## What is being asked
What is needed is an exact copy of the records below, without the pictures.

──────── Data shown ────────

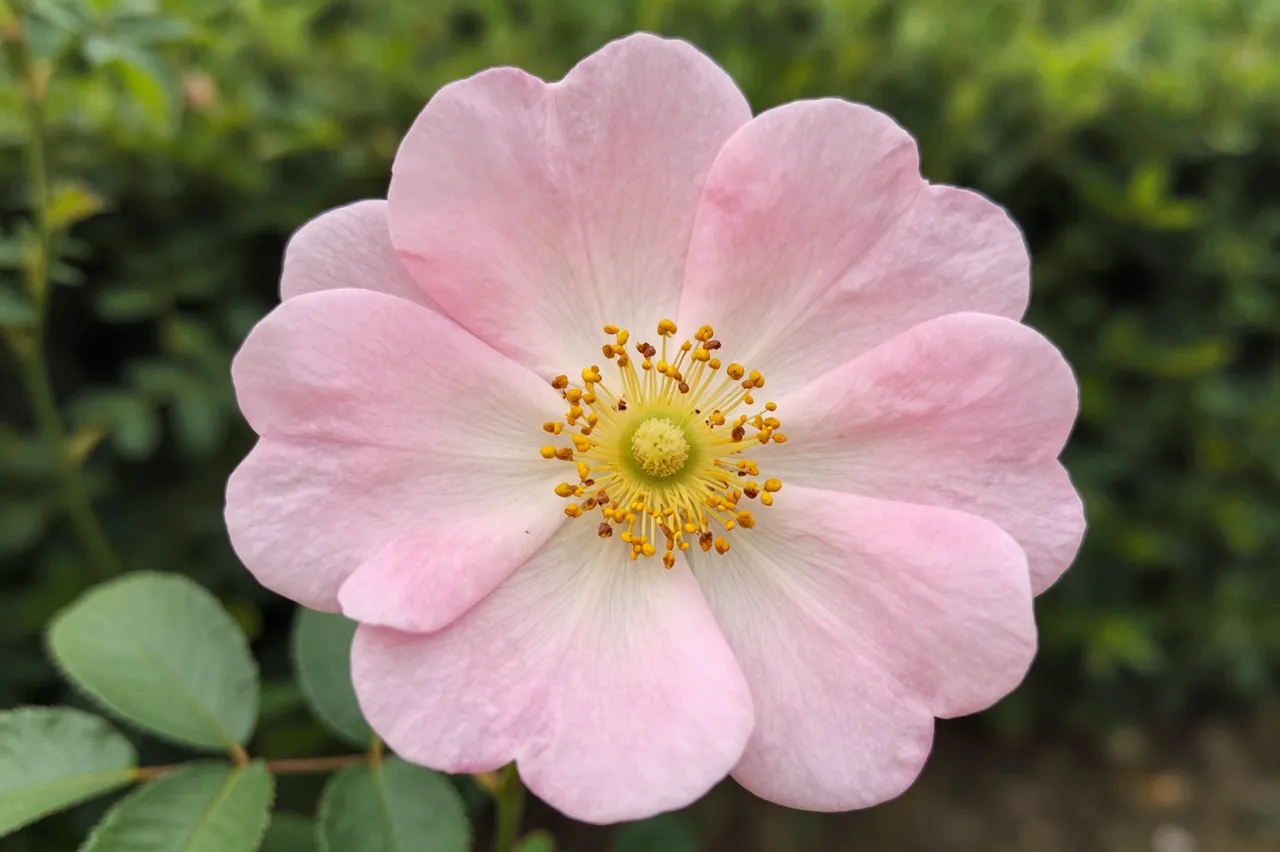 A close-up of a delicate pale pink wild rose with yellow stamen against blurred green hedge foliage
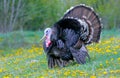 Very beautiful tom-turkey in the field Royalty Free Stock Photo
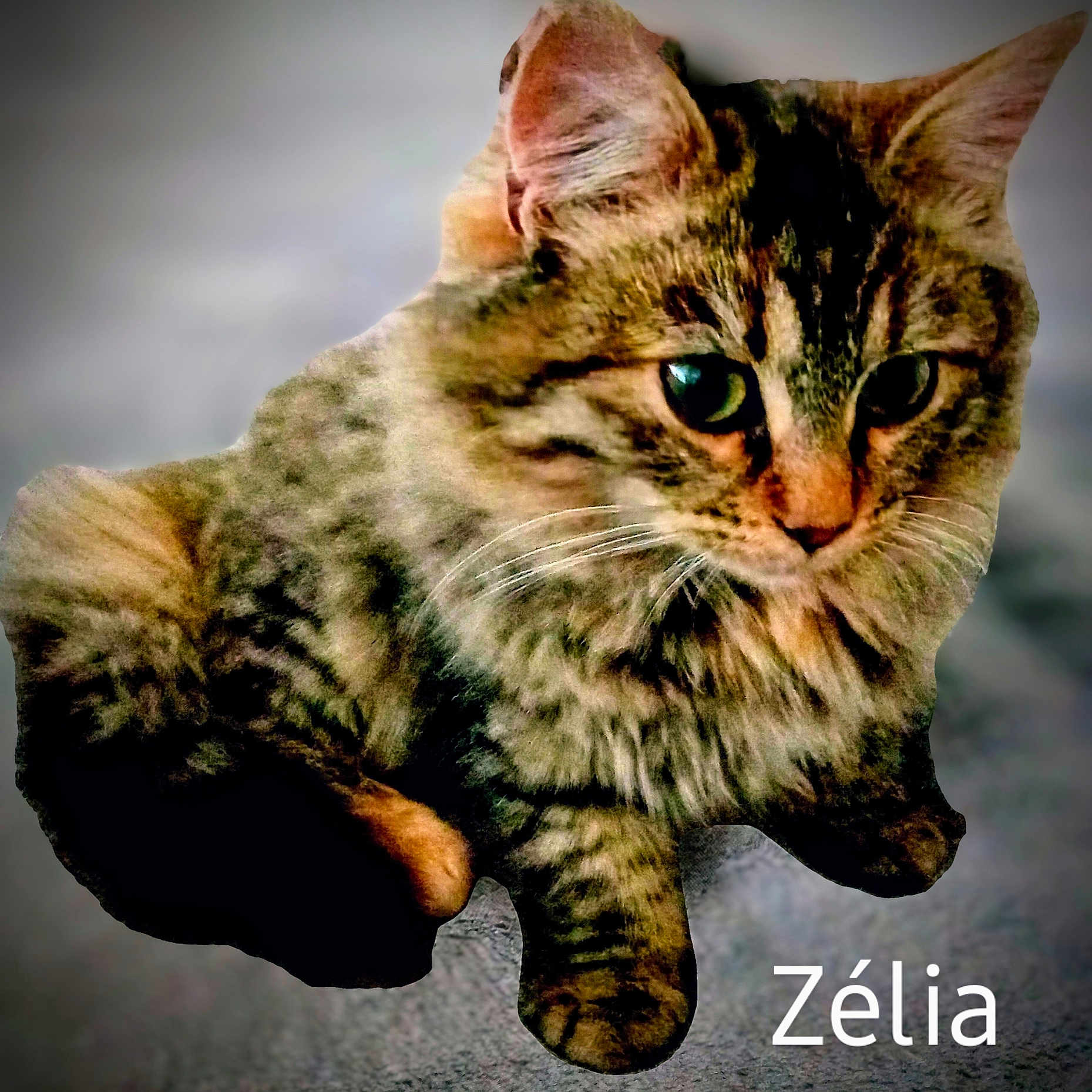 Zélia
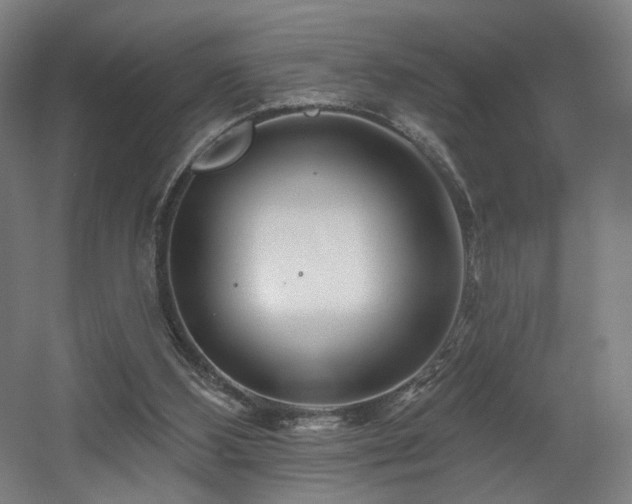 X0000060580108200511031346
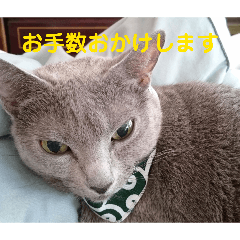 kazoe_20251230171446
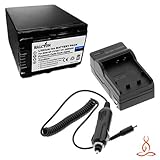 Halcyon 2500 mAH Lithium Ion Replacement Battery and Charger Kit for Sony DCR-SR68 80GB Hard Disk Drive Handycam Camcorder and Sony NP-FV100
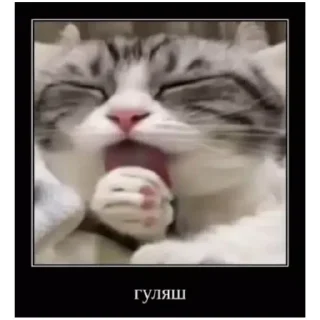 😛 emoji Комару (@emopix) Telegram sticker 18 of 22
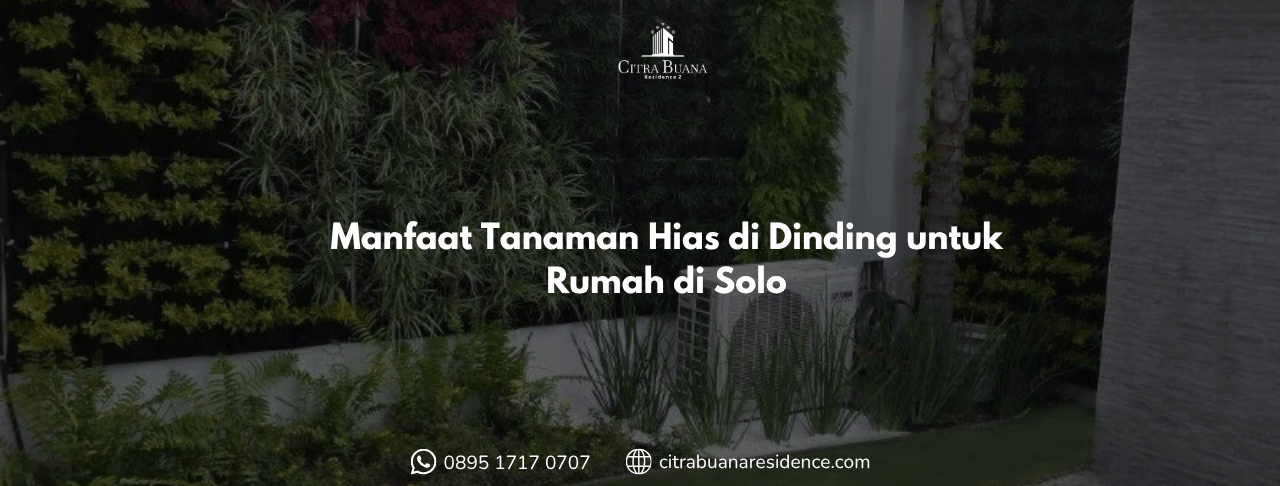 Manfaat Tanaman Hias di Dinding untuk Rumah di Solo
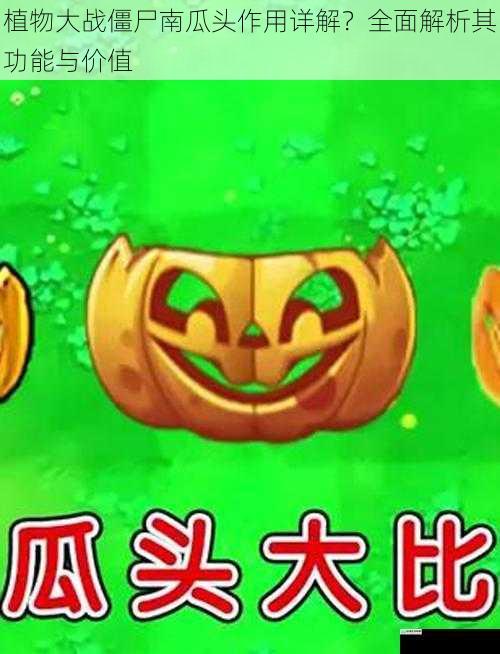 植物大战僵尸南瓜头作用详解?全面解析其功能与价值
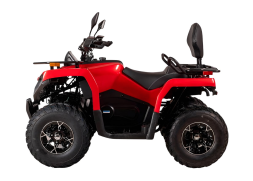 Квадроцикл BIZON YK200 Basic Carb, фото 2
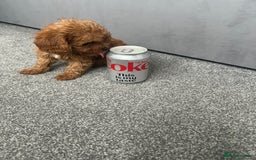 Cavapoo dogs for sale: Stunning F1 Cavapoos kc reg parents  - Image 12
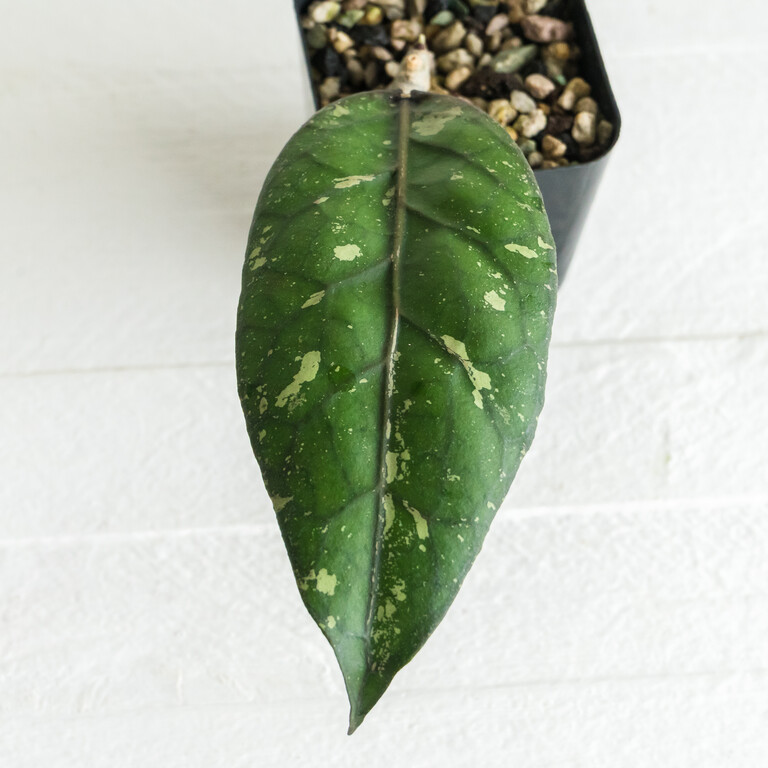 Large dark green Hoya leaf with pale irregular splash markings and a pronounced central vein.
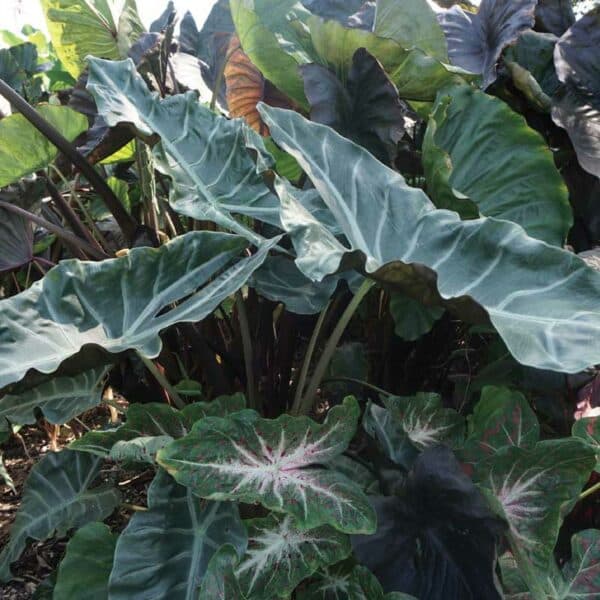 alocasia-kuching-mask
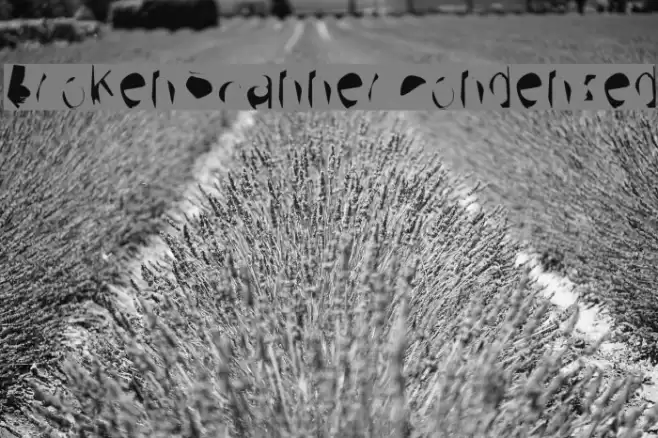 Broken Scanner Condensed Font examples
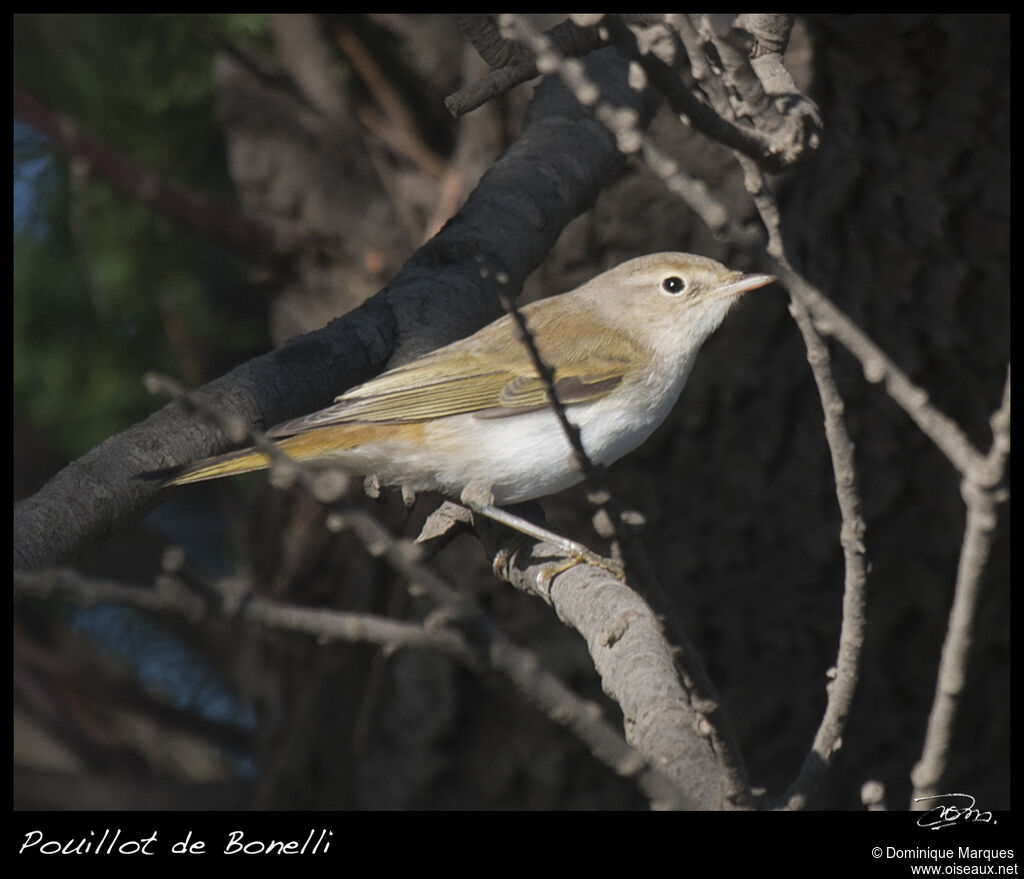 Pouillot de Bonelliadulte, identification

────────

## Answer to this exercise
 A close-up of a delicate pale pink wild rose with yellow stamen against blurred green hedge foliage
 Very beautiful tom-turkey in the field Royalty Free Stock Photo
 Zélia
 X0000060580108200511031346
 kazoe_20251230171446
 Halcyon 2500 mAH Lithium Ion Replacement Battery and Charger Kit for Sony DCR-SR68 80GB Hard Disk Drive Handycam Camcorder and Sony NP-FV100
 😛 emoji Комару (@emopix) Telegram sticker 18 of 22
 Manfaat Tanaman Hias di Dinding untuk Rumah di Solo
 植物大战僵尸南瓜头作用详解?全面解析其功能与价值
 Квадроцикл BIZON YK200 Basic Carb, фото 2
 Cavapoo dogs for sale: Stunning F1 Cavapoos kc reg parents  - Image 12
 Large dark green Hoya leaf with pale irregular splash markings and a pronounced central vein.
 alocasia-kuching-mask
 Broken Scanner Condensed Font examples
 Pouillot de Bonelliadulte, identification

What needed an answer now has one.